# WHAT NEEDS TO BE DONE:
Lines before the one containing "9721 115th St., Andalusia, IL 61232" are not wanted; restate the rest below word for word, through the last line, but drop any pictures.

**********

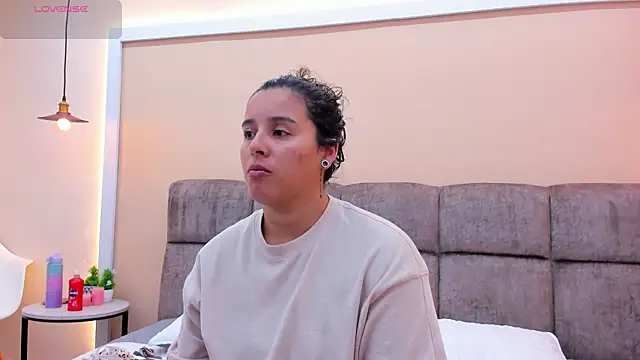 Snapshot of Dilan_y_Mia chatting on 01/07/25, 12:20 Dilan y Mia online show from 01/07/25, 12:20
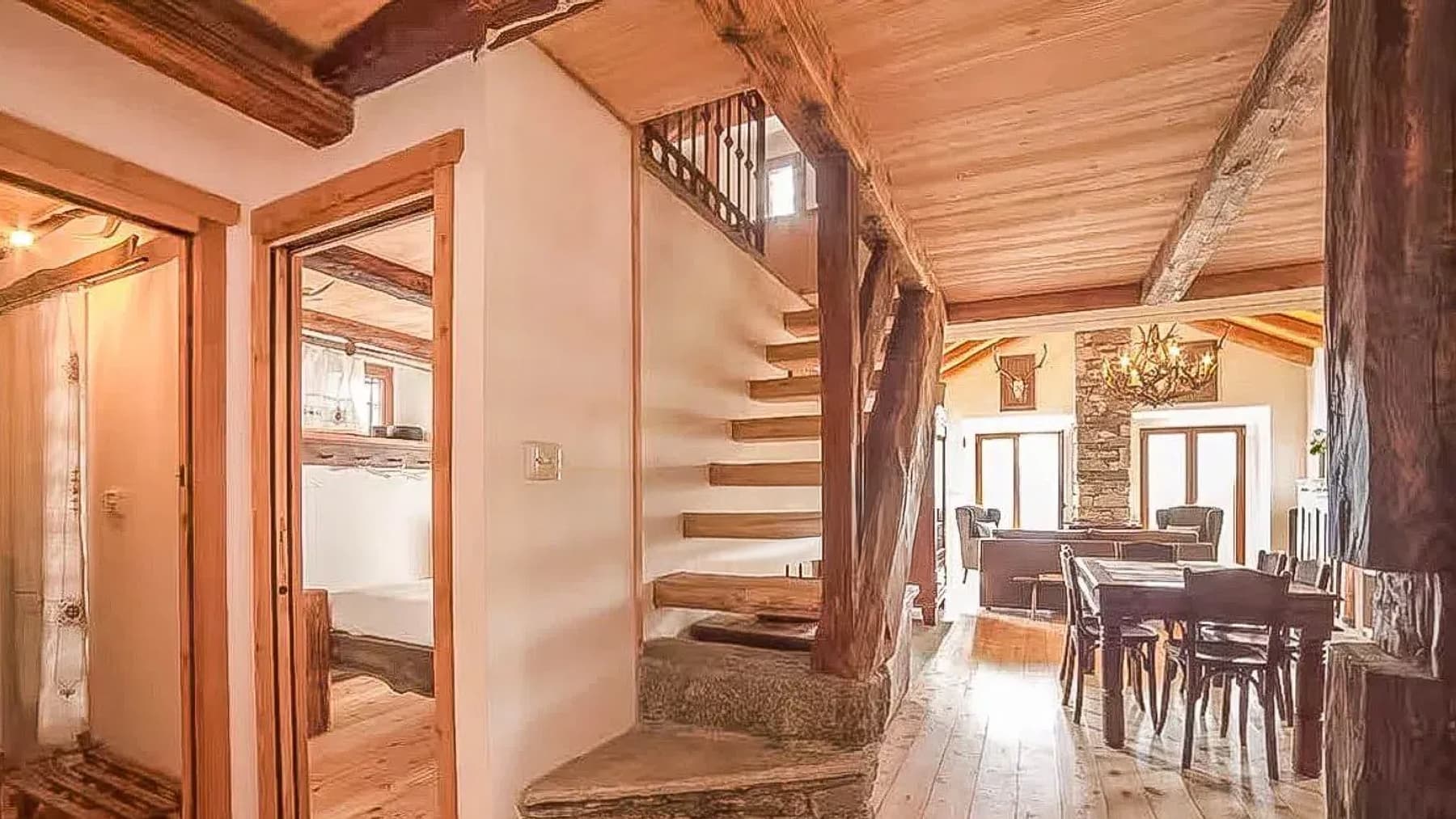 Interiors (14)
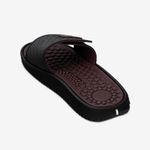 Sandalia-slider-con-planta-anatomica-color-negro
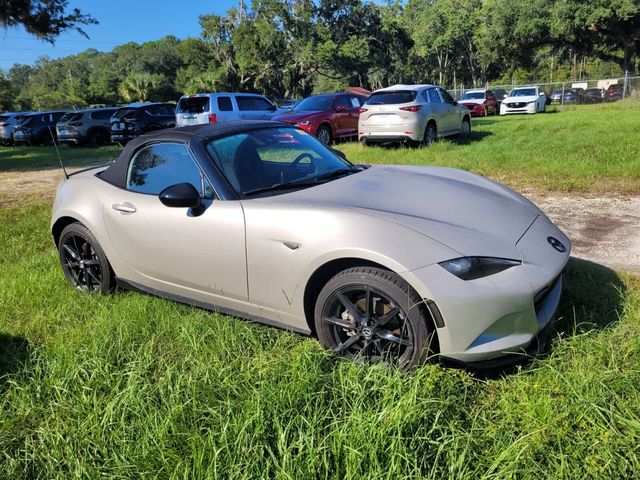 2023 Mazda MX-5 Miata Club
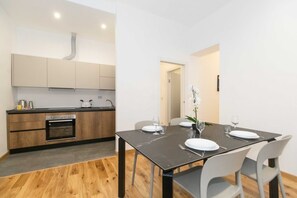 Dining - GuestHost - Roomy and comfortable apartment ideal for hosting up to 6 people is located in the Cenisia district, a quiet residential area, near the Turin Polytechnic campus and the Court, 2 km from Porta Susa station, and close to bus and metro lines for (Torino)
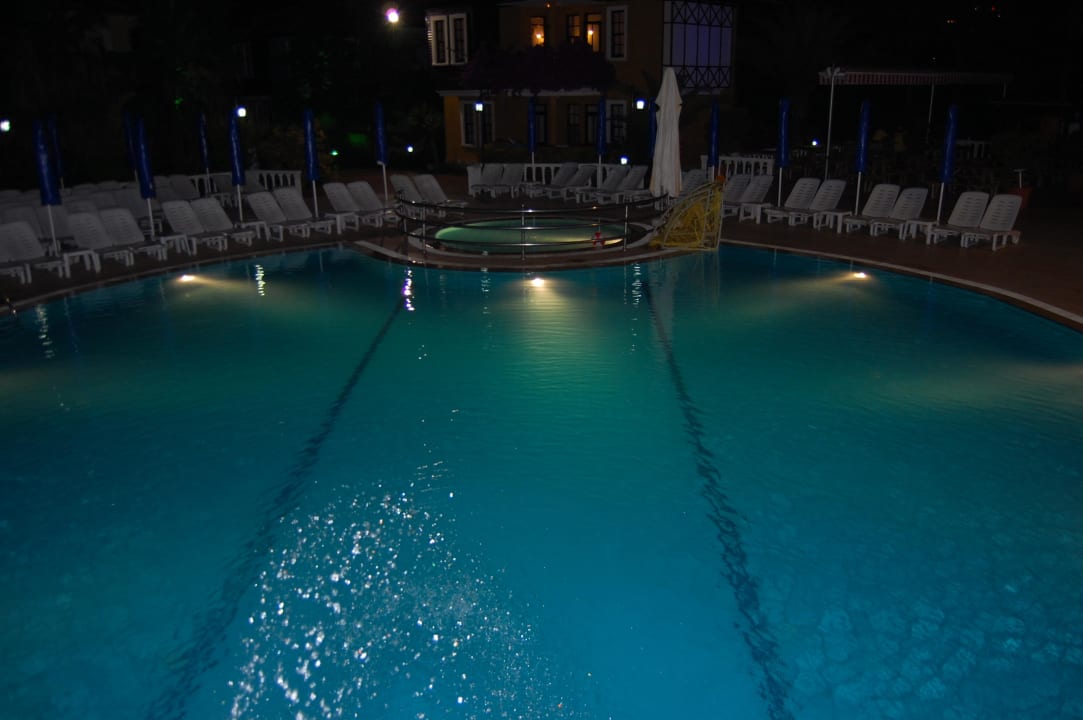 Pool bei Nacht Club Dizalya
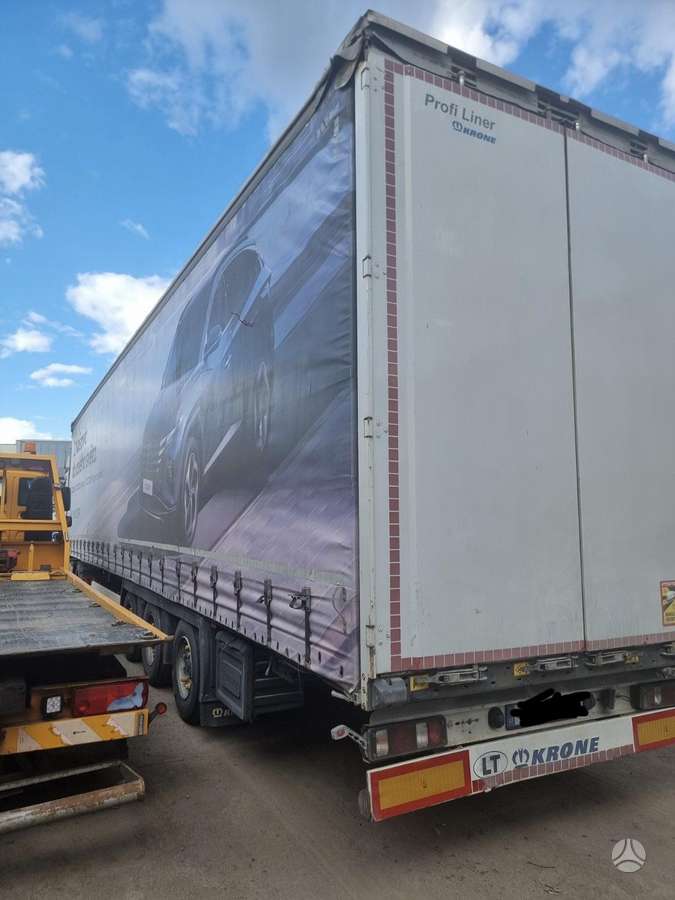 Krone Mega, curtain / tarpaulin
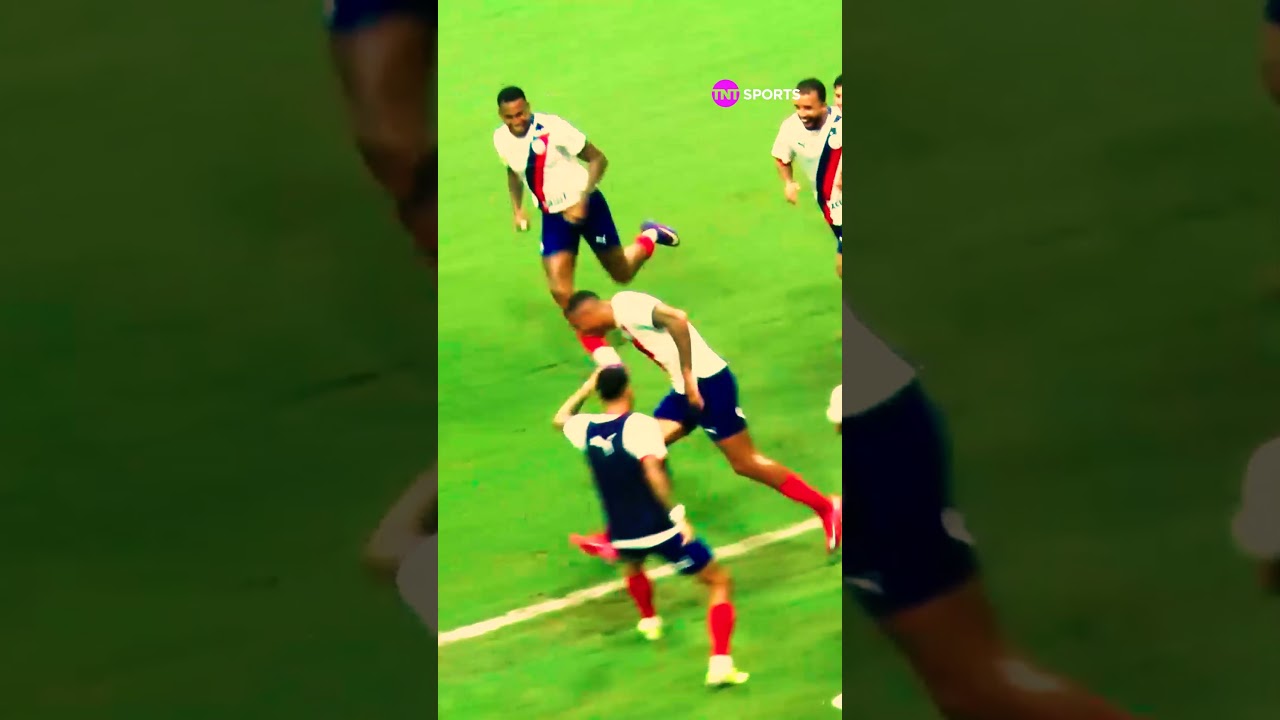 O CARA VIROU O CRISTIANO RONALDO PARA DAR ESSA CABEÇADA! #shorts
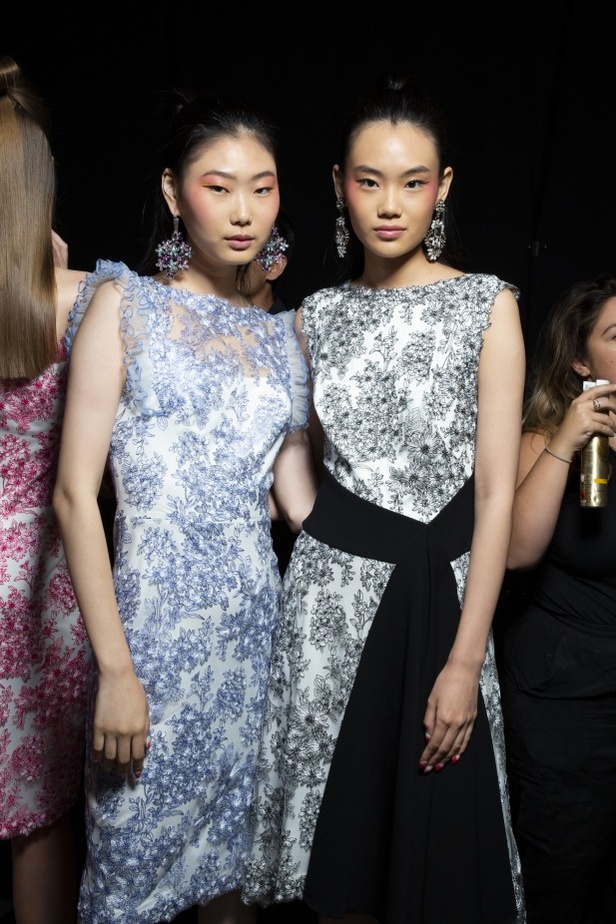  اسبوع الموضة في نيويورك 2019  موديلات فساتين TADASHI SHOJI لربيع وصيف 2020 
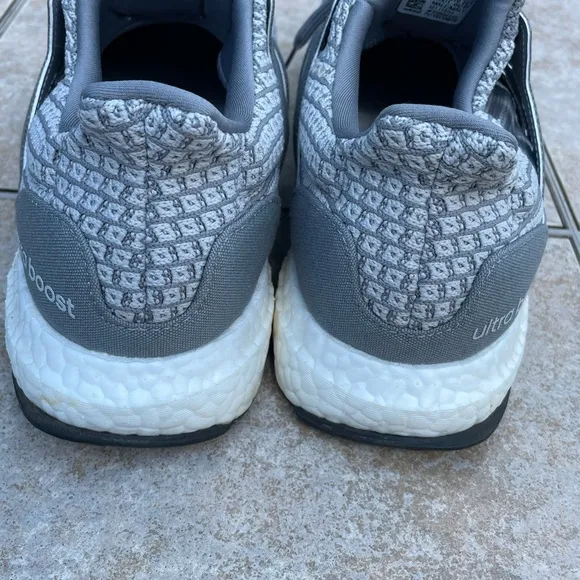 Adidas ULTRABOOST 5 DNA RUNNING LIFESTYLE SHOES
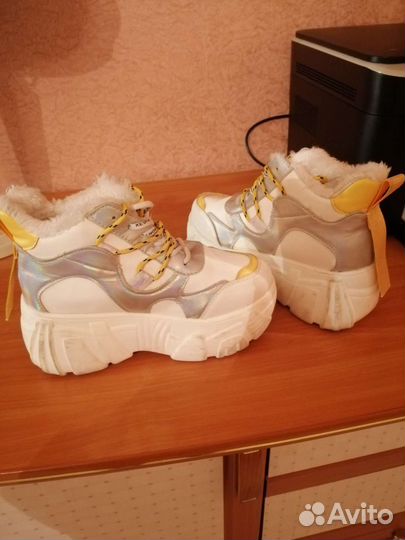 Ботинки зимние для девочки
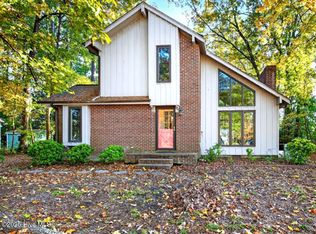 100 Pineview Dr, Oriental, NC 28571
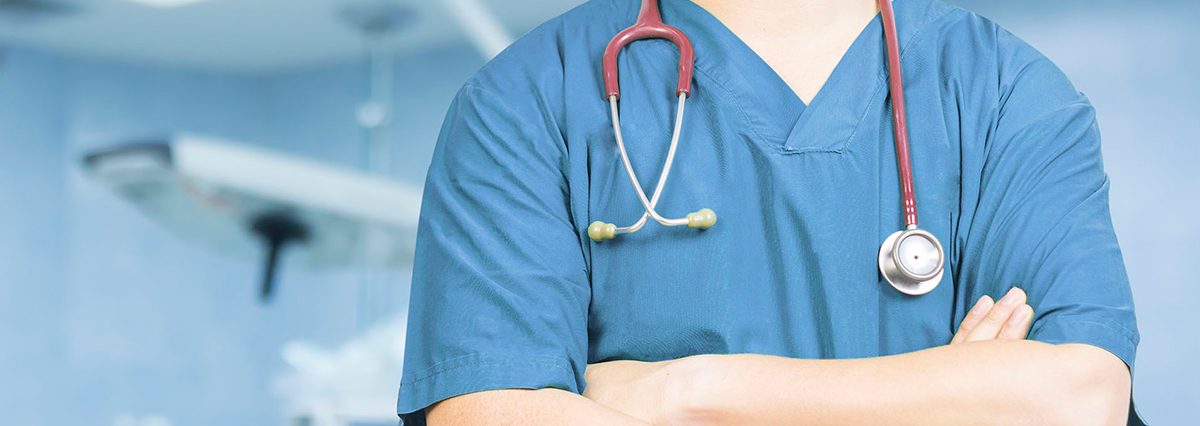 De-manera-temporal-se-habilita-a-los-medicos-cirujanos-para-ejercer-sus-especialidades-en-el-sector-publico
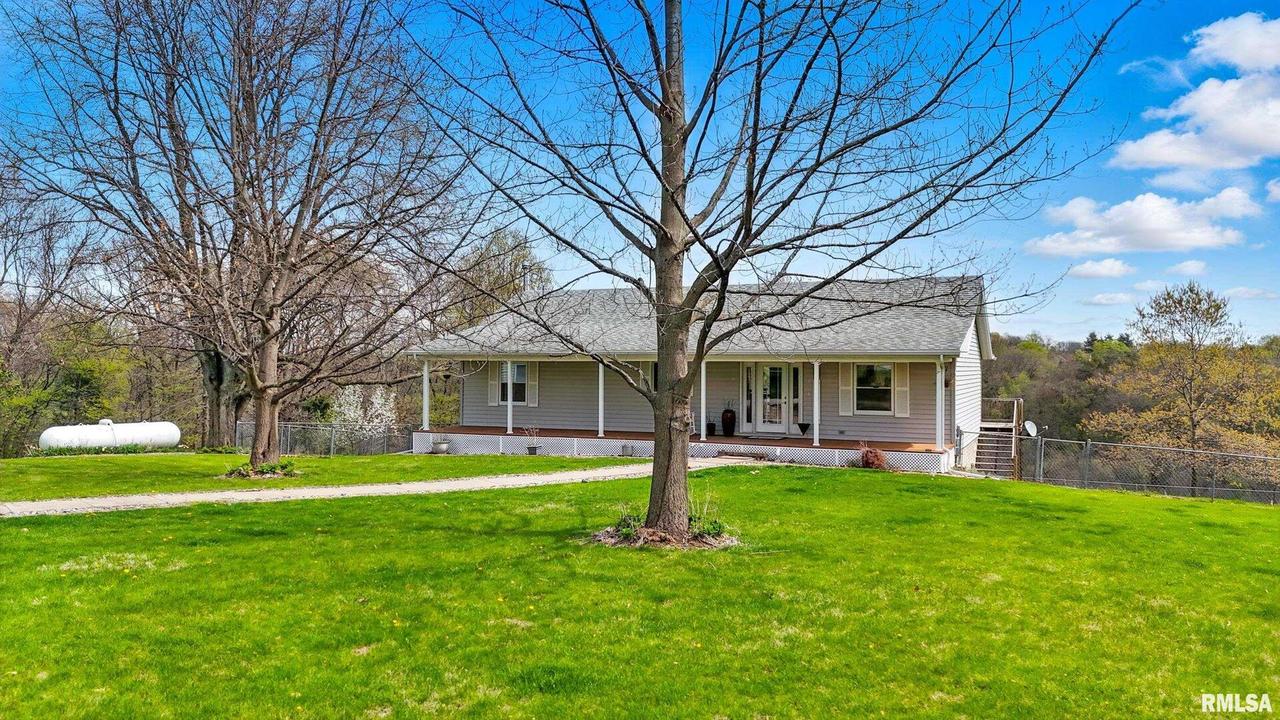 9721 115th St., Andalusia, IL 61232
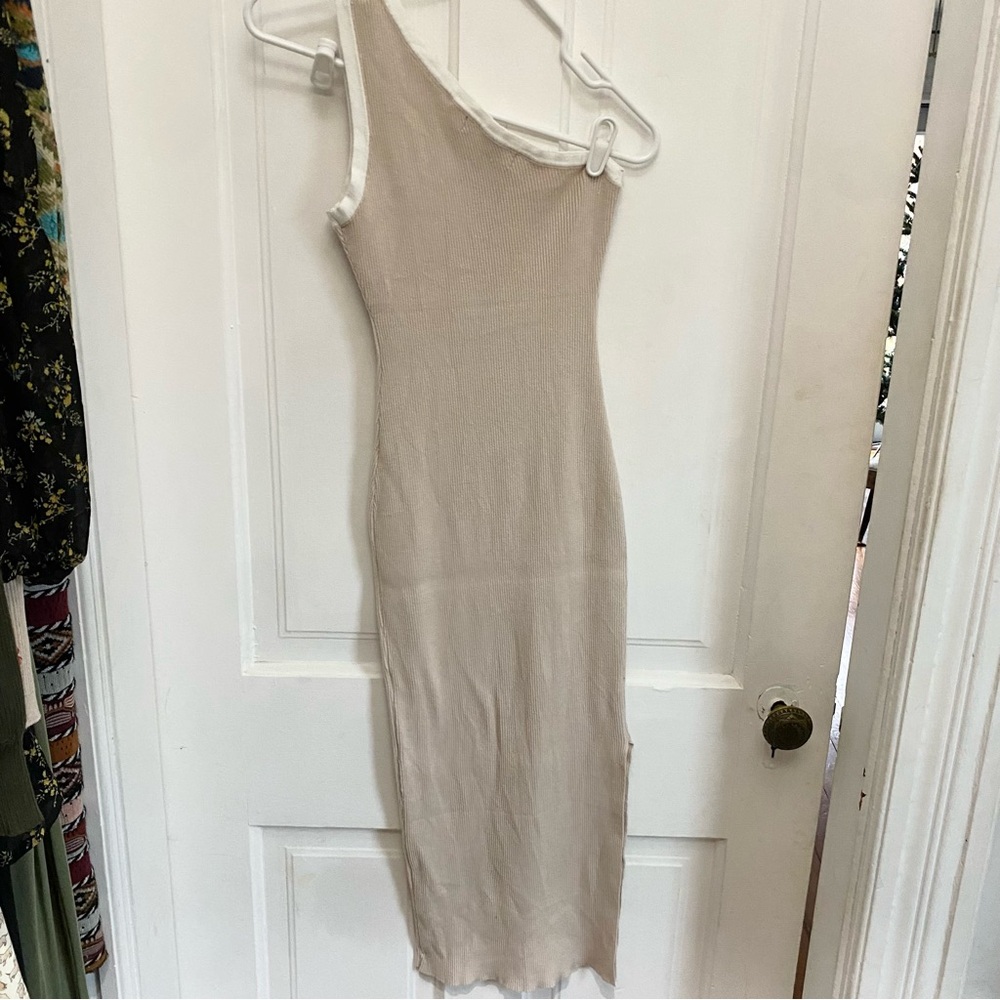 Chic One-Shoulder Cream Dress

**********

# OUTPUT BELOW:
 9721 115th St., Andalusia, IL 61232
 Chic One-Shoulder Cream Dress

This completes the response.